__EXERCISE BRIEF__: Please output every entry below exactly as written, leaving out any pictures.
————
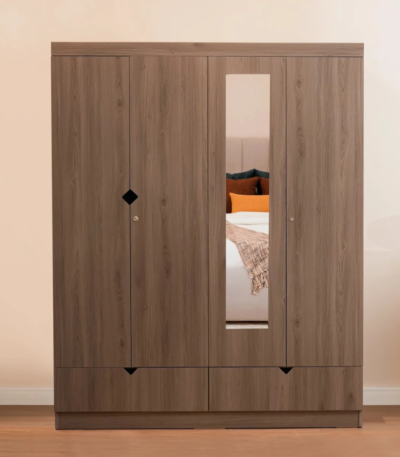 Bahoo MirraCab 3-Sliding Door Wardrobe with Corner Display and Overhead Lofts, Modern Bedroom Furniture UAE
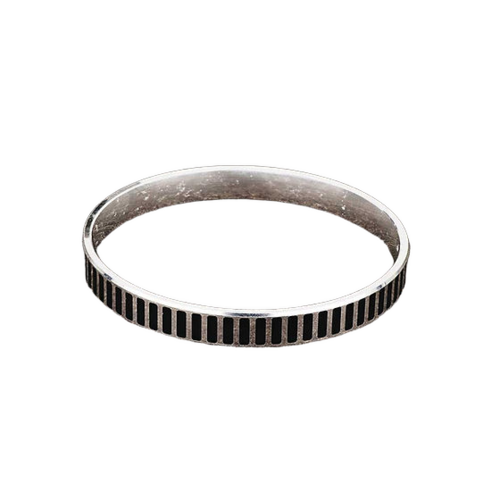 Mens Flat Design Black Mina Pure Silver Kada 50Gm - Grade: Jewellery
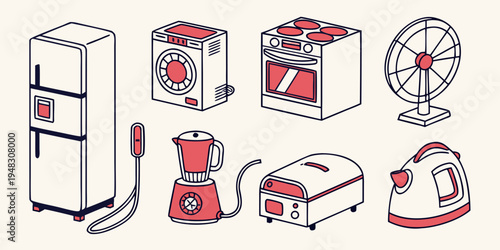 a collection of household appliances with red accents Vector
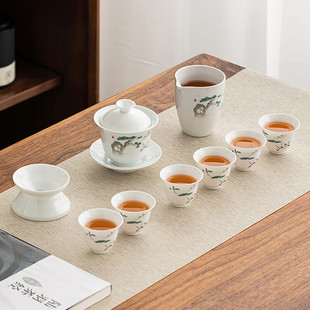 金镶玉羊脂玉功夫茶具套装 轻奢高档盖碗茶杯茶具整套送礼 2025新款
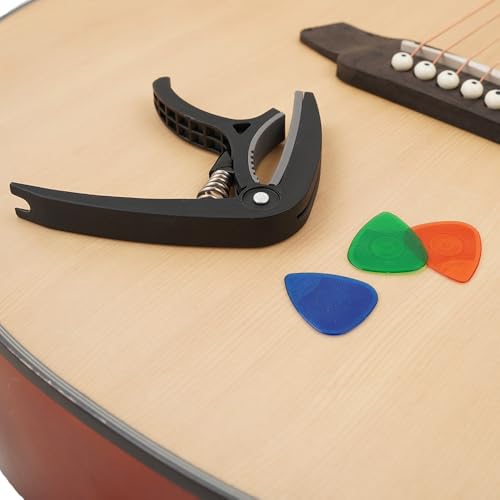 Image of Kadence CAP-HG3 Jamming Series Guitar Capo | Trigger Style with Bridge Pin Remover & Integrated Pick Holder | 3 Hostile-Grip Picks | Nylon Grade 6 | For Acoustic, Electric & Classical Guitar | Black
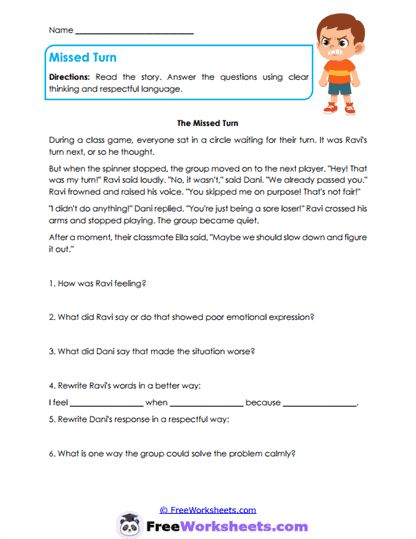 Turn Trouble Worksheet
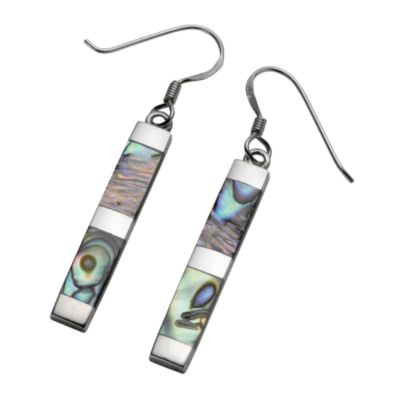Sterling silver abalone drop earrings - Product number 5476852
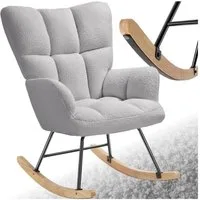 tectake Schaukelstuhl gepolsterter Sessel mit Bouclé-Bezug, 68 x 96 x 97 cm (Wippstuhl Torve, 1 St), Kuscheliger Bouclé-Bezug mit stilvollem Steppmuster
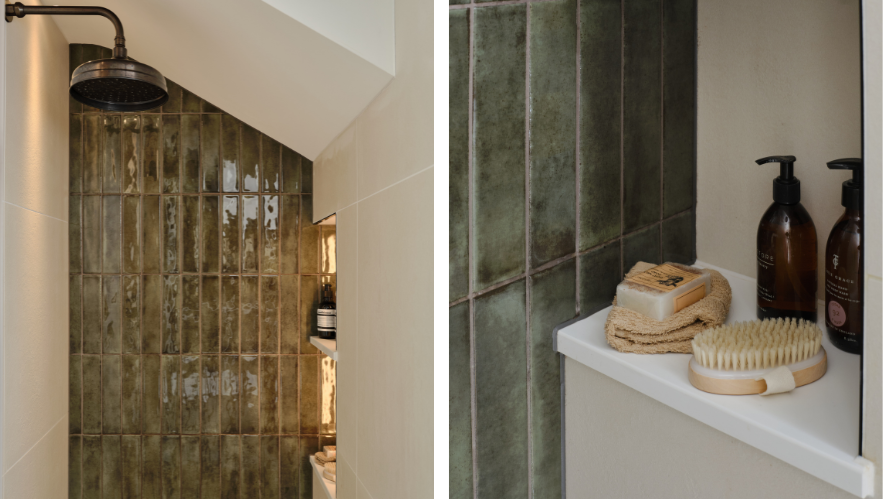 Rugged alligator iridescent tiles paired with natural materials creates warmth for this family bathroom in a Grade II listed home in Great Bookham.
————
__EXERCISE RESPONSE__:
 Bahoo MirraCab 3-Sliding Door Wardrobe with Corner Display and Overhead Lofts, Modern Bedroom Furniture UAE
 Mens Flat Design Black Mina Pure Silver Kada 50Gm - Grade: Jewellery
 a collection of household appliances with red accents Vector
 金镶玉羊脂玉功夫茶具套装 轻奢高档盖碗茶杯茶具整套送礼 2025新款
 Image of Kadence CAP-HG3 Jamming Series Guitar Capo | Trigger Style with Bridge Pin Remover & Integrated Pick Holder | 3 Hostile-Grip Picks | Nylon Grade 6 | For Acoustic, Electric & Classical Guitar | Black
 Turn Trouble Worksheet
Sterling silver abalone drop earrings - Product number 5476852
 tectake Schaukelstuhl gepolsterter Sessel mit Bouclé-Bezug, 68 x 96 x 97 cm (Wippstuhl Torve, 1 St), Kuscheliger Bouclé-Bezug mit stilvollem Steppmuster
 Rugged alligator iridescent tiles paired with natural materials creates warmth for this family bathroom in a Grade II listed home in Great Bookham.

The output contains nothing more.